▸ **TRY IT**
Look below for lines that hold the string "Ford" and copy each one.

--- INPUT MATERIAL ---

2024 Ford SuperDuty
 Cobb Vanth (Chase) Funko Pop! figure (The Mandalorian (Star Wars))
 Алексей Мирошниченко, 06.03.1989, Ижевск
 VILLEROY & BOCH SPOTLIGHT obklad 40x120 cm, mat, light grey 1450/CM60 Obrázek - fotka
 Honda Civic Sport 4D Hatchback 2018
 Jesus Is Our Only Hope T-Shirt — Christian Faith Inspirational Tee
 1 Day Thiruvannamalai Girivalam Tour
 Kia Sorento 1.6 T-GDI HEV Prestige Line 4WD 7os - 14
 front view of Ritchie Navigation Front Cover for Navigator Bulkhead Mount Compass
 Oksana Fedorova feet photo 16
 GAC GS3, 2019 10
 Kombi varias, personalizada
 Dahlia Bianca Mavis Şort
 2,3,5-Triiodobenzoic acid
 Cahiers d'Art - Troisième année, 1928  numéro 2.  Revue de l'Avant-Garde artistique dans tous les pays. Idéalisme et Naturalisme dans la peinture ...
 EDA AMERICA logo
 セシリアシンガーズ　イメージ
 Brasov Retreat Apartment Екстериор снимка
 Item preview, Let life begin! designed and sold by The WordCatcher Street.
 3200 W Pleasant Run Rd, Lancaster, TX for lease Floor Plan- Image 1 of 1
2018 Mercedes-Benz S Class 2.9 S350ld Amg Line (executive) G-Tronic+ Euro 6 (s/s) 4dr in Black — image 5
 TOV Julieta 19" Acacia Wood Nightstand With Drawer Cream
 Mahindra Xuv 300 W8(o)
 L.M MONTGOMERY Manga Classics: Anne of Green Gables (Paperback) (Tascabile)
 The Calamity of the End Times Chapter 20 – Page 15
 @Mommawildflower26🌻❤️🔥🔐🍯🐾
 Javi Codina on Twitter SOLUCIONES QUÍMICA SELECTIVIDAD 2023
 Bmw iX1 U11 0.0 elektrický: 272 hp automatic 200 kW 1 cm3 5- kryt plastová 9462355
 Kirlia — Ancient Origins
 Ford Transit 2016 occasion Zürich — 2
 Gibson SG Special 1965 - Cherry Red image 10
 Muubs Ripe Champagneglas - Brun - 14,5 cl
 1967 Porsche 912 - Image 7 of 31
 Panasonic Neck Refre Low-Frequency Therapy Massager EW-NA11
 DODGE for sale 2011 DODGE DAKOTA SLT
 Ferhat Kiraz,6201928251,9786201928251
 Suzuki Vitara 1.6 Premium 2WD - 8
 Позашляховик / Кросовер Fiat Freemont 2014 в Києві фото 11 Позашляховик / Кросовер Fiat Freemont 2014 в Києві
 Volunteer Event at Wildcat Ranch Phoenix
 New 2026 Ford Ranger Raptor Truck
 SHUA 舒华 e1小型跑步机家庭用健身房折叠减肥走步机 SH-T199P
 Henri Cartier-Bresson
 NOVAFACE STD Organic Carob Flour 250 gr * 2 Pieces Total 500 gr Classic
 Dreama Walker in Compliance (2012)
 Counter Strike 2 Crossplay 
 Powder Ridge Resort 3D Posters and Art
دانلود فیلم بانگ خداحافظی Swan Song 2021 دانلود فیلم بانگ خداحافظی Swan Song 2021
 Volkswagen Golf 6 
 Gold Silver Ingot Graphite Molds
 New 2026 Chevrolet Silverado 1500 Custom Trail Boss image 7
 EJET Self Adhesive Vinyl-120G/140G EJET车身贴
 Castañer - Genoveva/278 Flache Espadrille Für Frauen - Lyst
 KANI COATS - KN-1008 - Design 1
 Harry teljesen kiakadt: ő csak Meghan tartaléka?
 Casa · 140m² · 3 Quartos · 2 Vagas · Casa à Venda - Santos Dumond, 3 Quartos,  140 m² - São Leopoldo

---

▸ **SOLUTION**
2024 Ford SuperDuty
 Ford Transit 2016 occasion Zürich — 2
 New 2026 Ford Ranger Raptor Truck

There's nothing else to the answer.